[TASK]: Look through the data below for the line with "Cos Mare Alb" and the line with "Lisa (Black Pink)", then transcribe exactly from the first through the second, leaving out all pictures.

[ENTRIES SUPPLIED]:
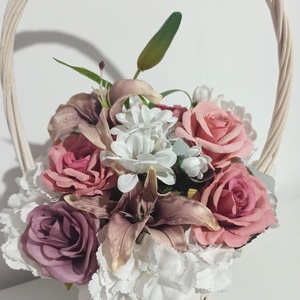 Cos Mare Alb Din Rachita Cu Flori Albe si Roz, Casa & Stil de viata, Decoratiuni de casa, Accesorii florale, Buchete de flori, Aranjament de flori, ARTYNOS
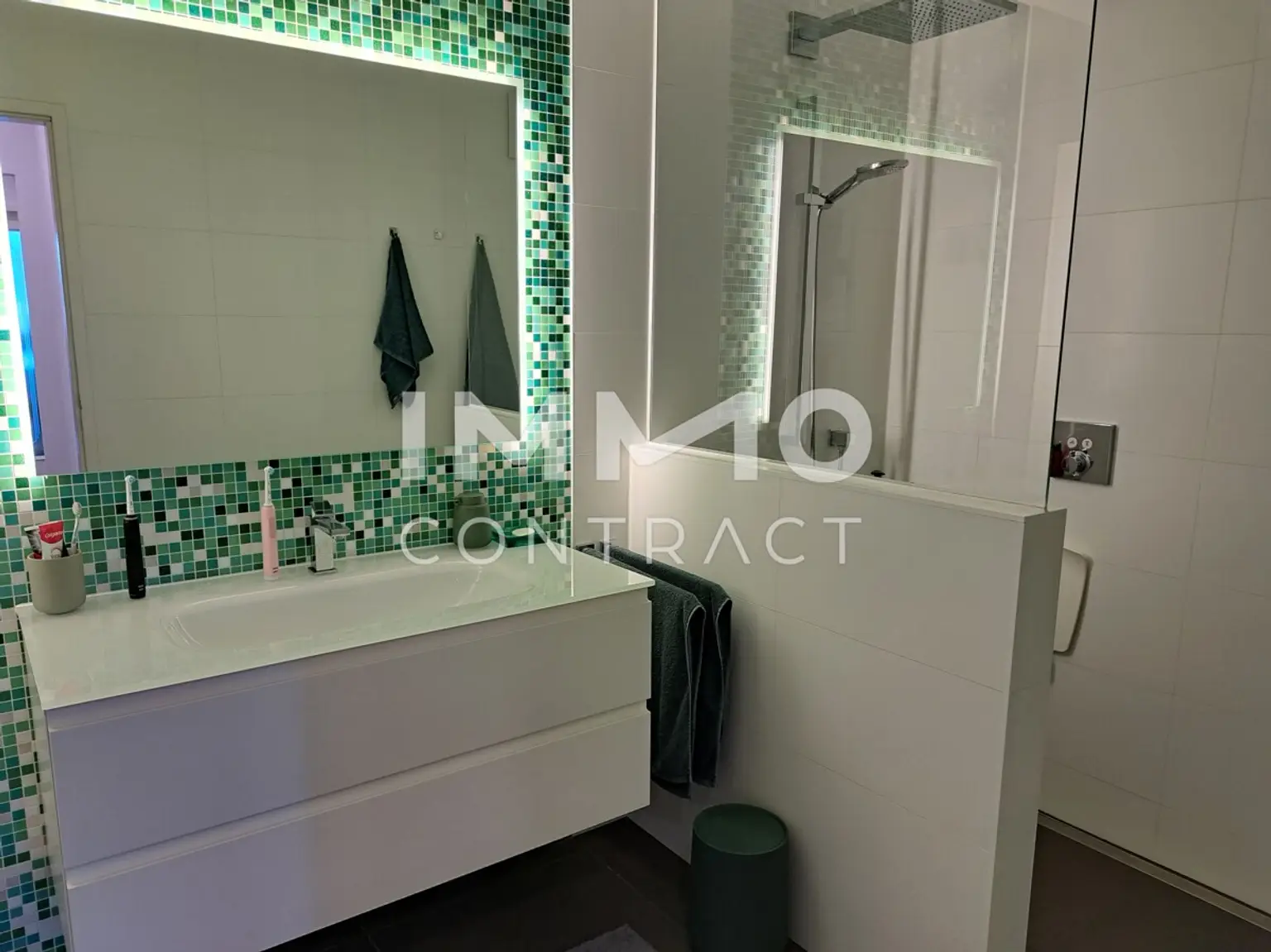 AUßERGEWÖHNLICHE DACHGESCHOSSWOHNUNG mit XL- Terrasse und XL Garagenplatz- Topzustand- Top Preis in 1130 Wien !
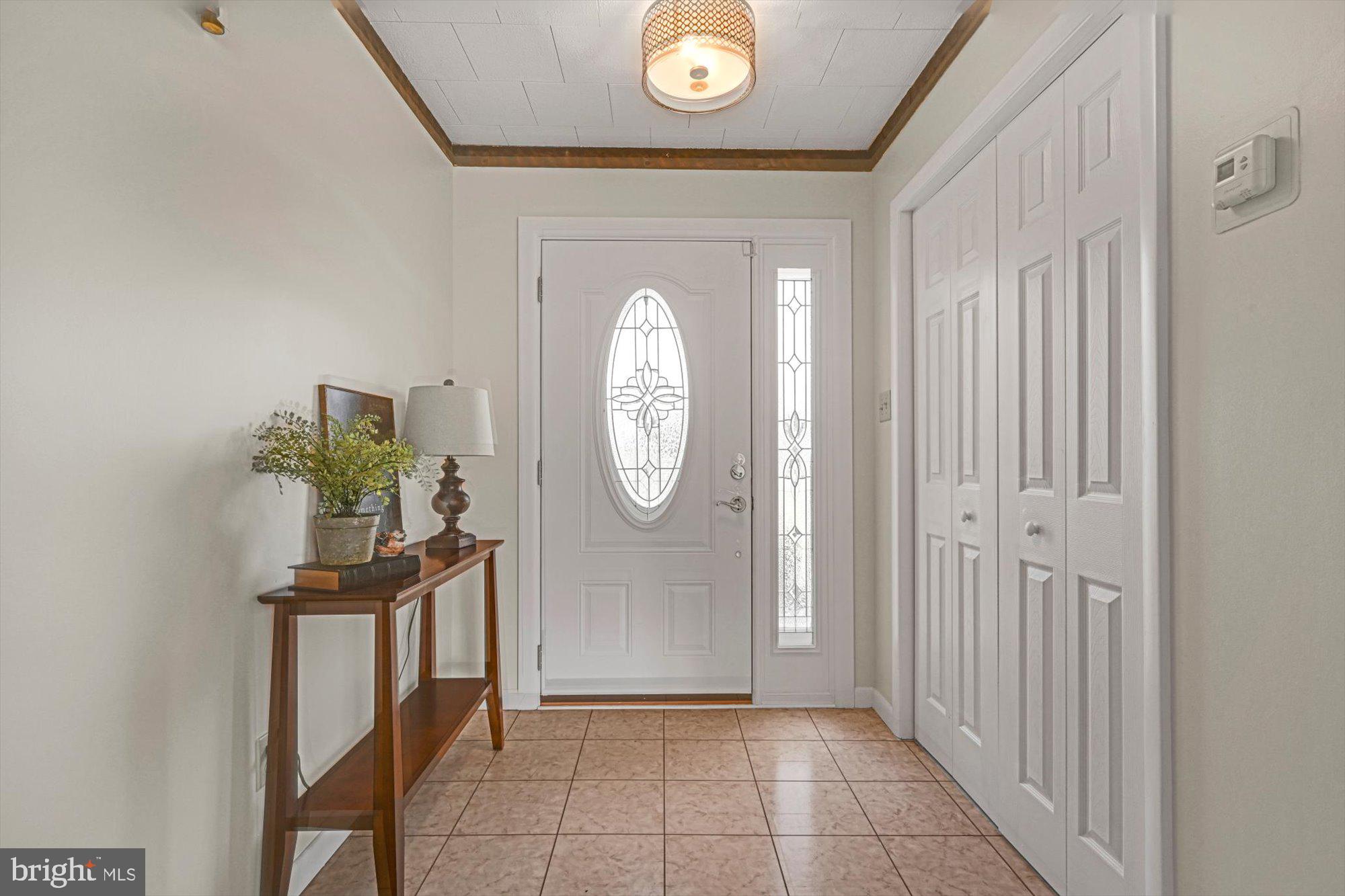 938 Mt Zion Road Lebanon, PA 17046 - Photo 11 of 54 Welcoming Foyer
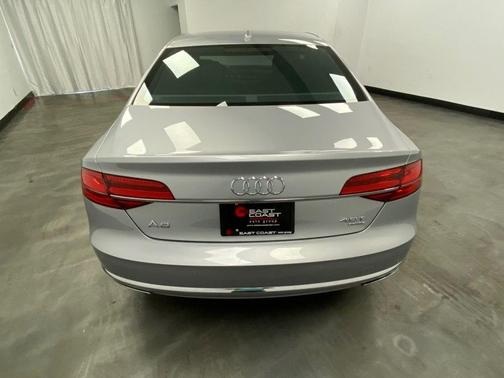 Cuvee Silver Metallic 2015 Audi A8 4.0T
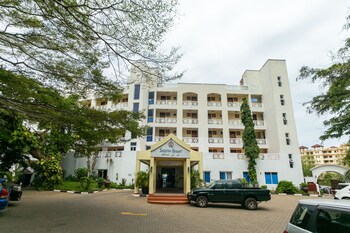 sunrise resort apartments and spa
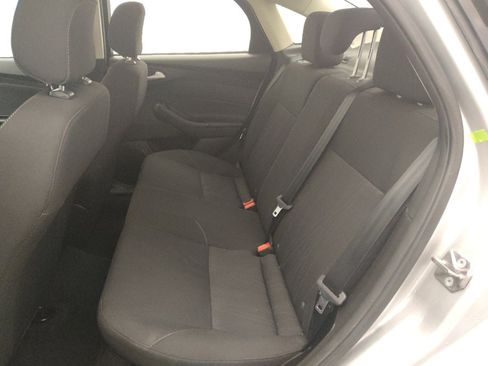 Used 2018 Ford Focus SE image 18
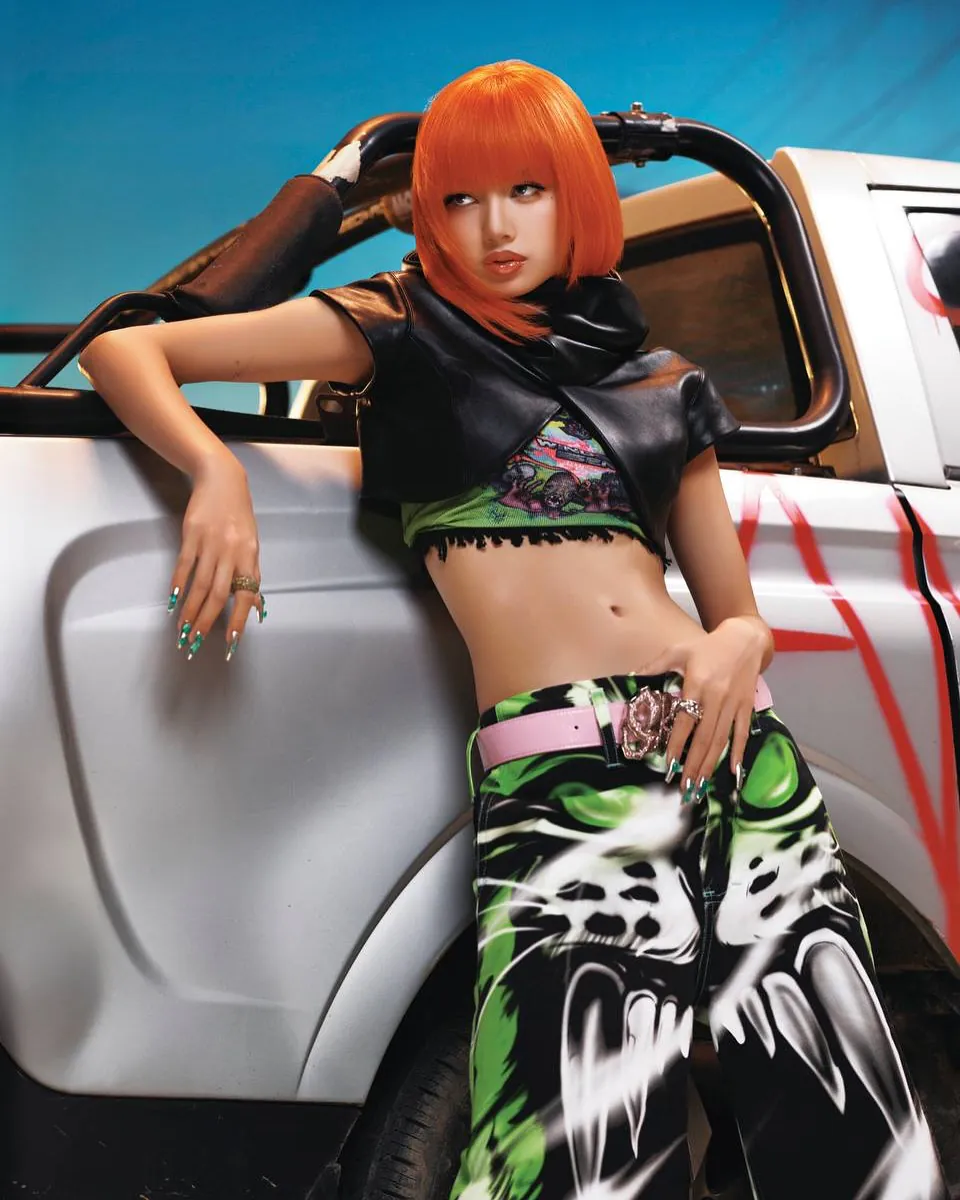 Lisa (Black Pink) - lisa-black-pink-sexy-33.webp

* * *

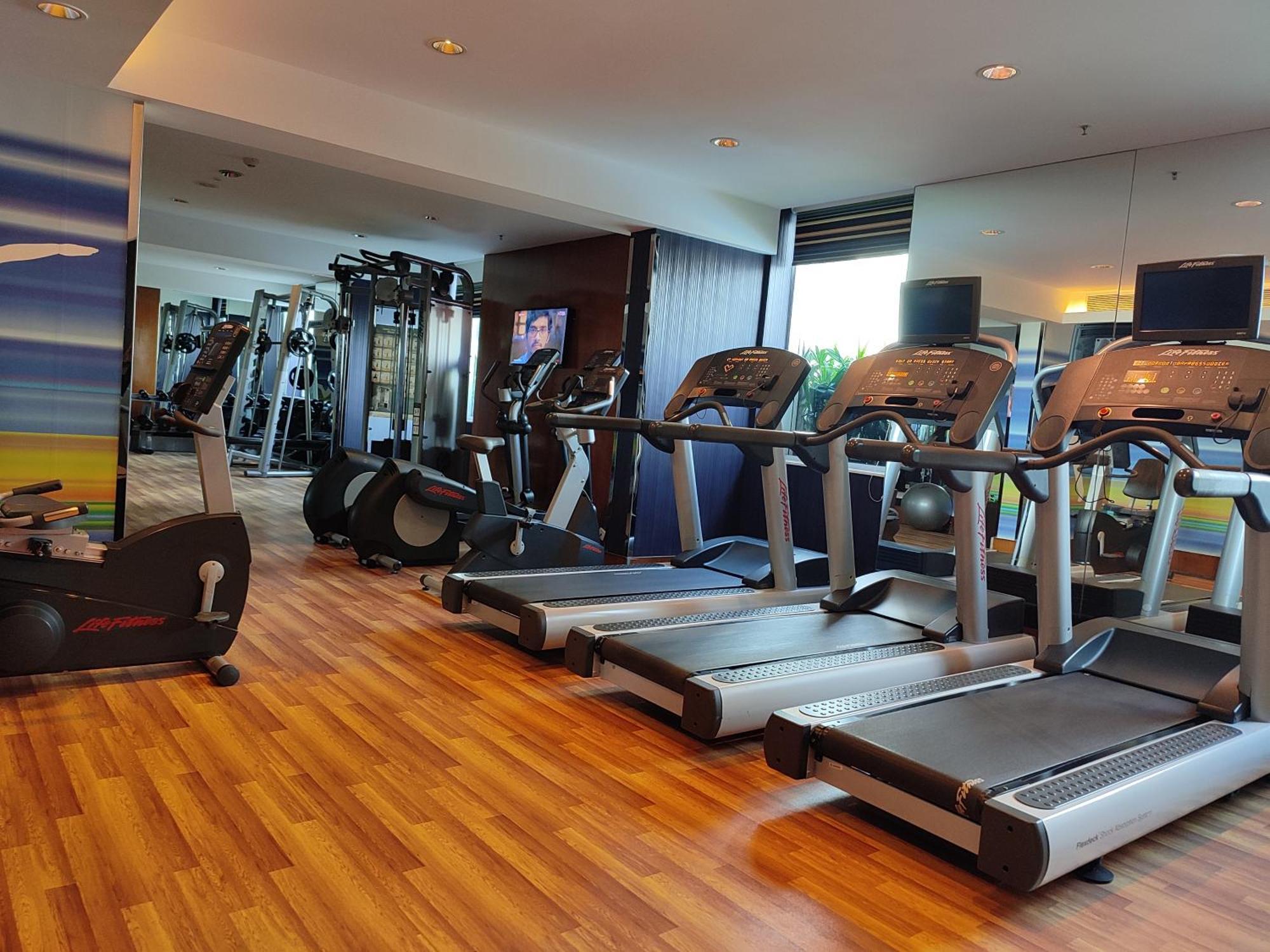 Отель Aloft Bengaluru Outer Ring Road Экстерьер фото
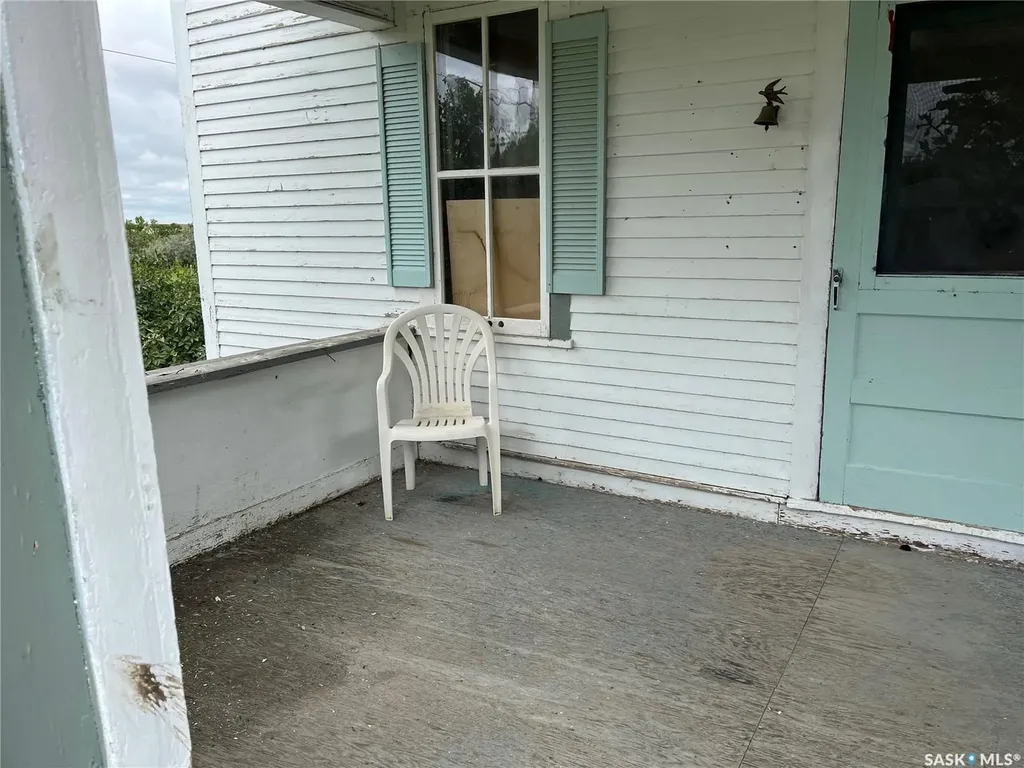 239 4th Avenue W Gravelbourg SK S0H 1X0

[EXERCISE OUTPUT]:
 Cos Mare Alb Din Rachita Cu Flori Albe si Roz, Casa & Stil de viata, Decoratiuni de casa, Accesorii florale, Buchete de flori, Aranjament de flori, ARTYNOS
 AUßERGEWÖHNLICHE DACHGESCHOSSWOHNUNG mit XL- Terrasse und XL Garagenplatz- Topzustand- Top Preis in 1130 Wien !
 938 Mt Zion Road Lebanon, PA 17046 - Photo 11 of 54 Welcoming Foyer
 Cuvee Silver Metallic 2015 Audi A8 4.0T
 sunrise resort apartments and spa
 Used 2018 Ford Focus SE image 18
 Lisa (Black Pink) - lisa-black-pink-sexy-33.webp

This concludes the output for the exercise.